- _YOUR GOAL_:
Exactly as written, return all the data, leaving its pictures behind.

- _DATA EXTRACT_:
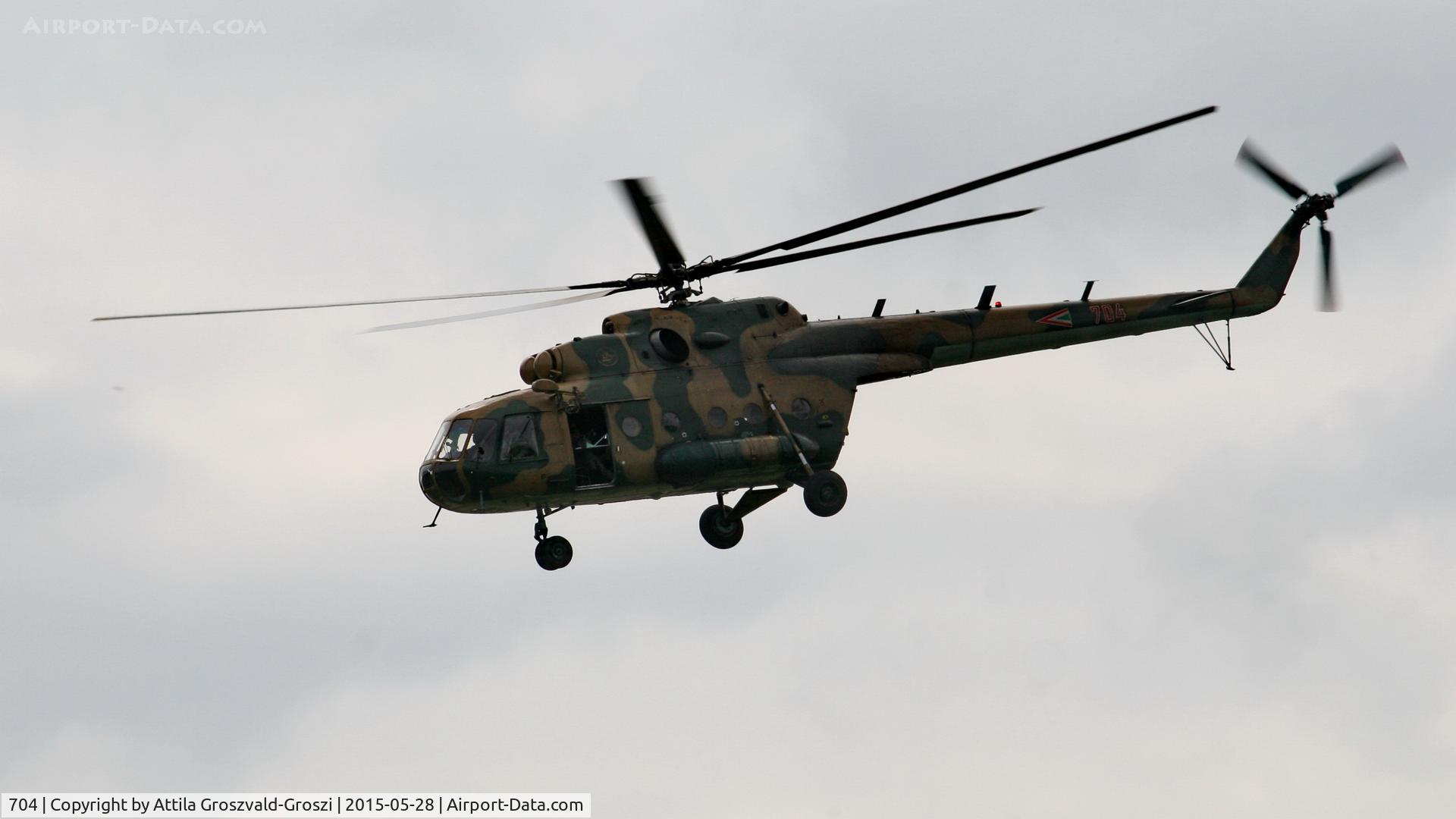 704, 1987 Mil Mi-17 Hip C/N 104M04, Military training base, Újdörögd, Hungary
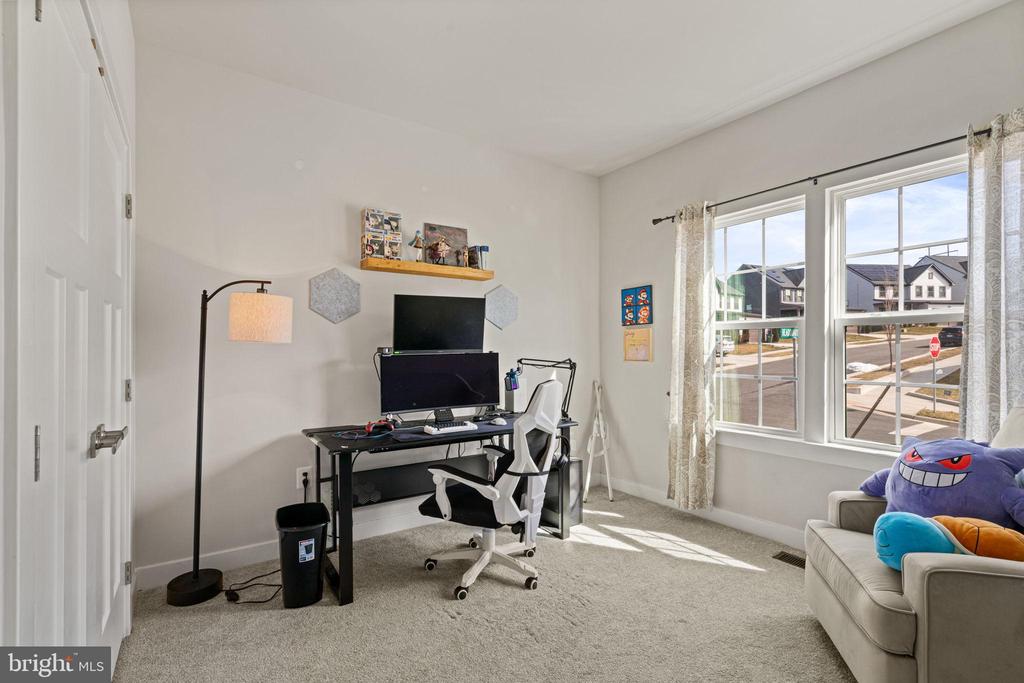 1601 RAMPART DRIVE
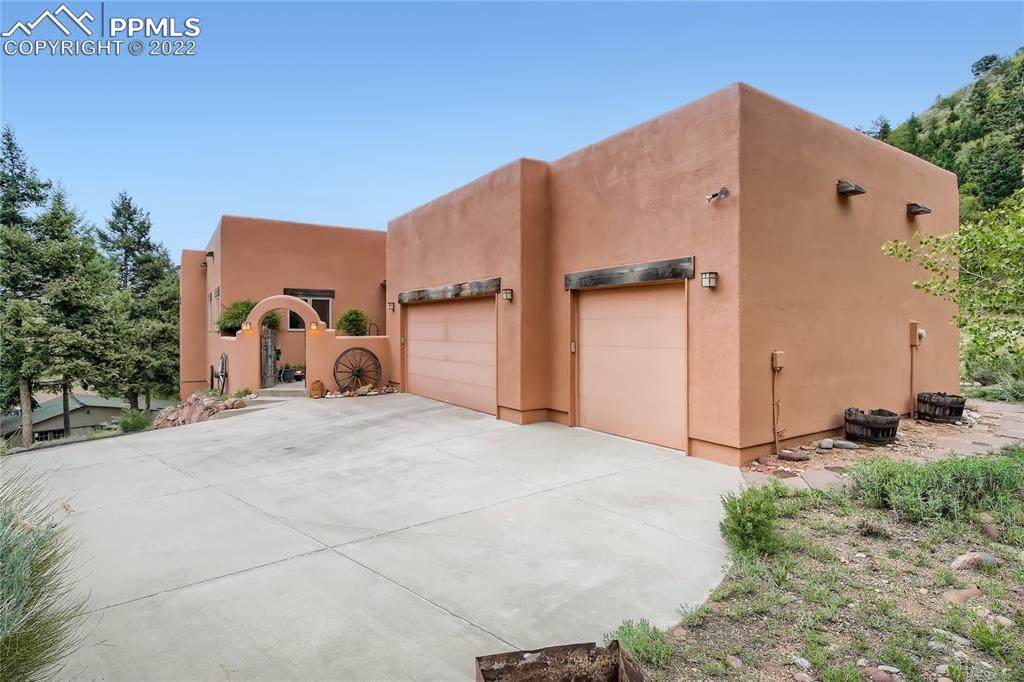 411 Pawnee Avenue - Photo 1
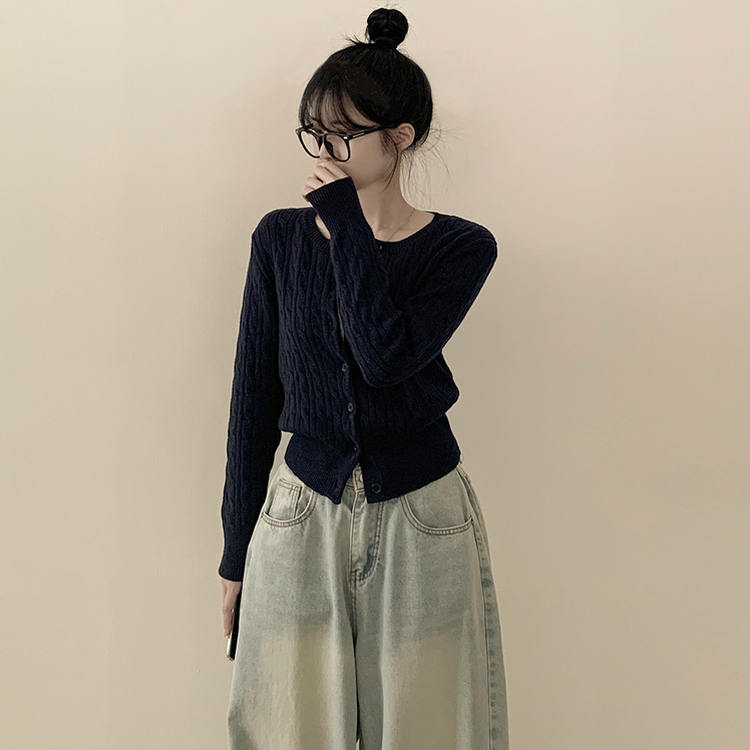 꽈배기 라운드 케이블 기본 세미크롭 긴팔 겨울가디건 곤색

- _ANSWER BOX_:
 704, 1987 Mil Mi-17 Hip C/N 104M04, Military training base, Újdörögd, Hungary
 1601 RAMPART DRIVE
 411 Pawnee Avenue - Photo 1
 꽈배기 라운드 케이블 기본 세미크롭 긴팔 겨울가디건 곤색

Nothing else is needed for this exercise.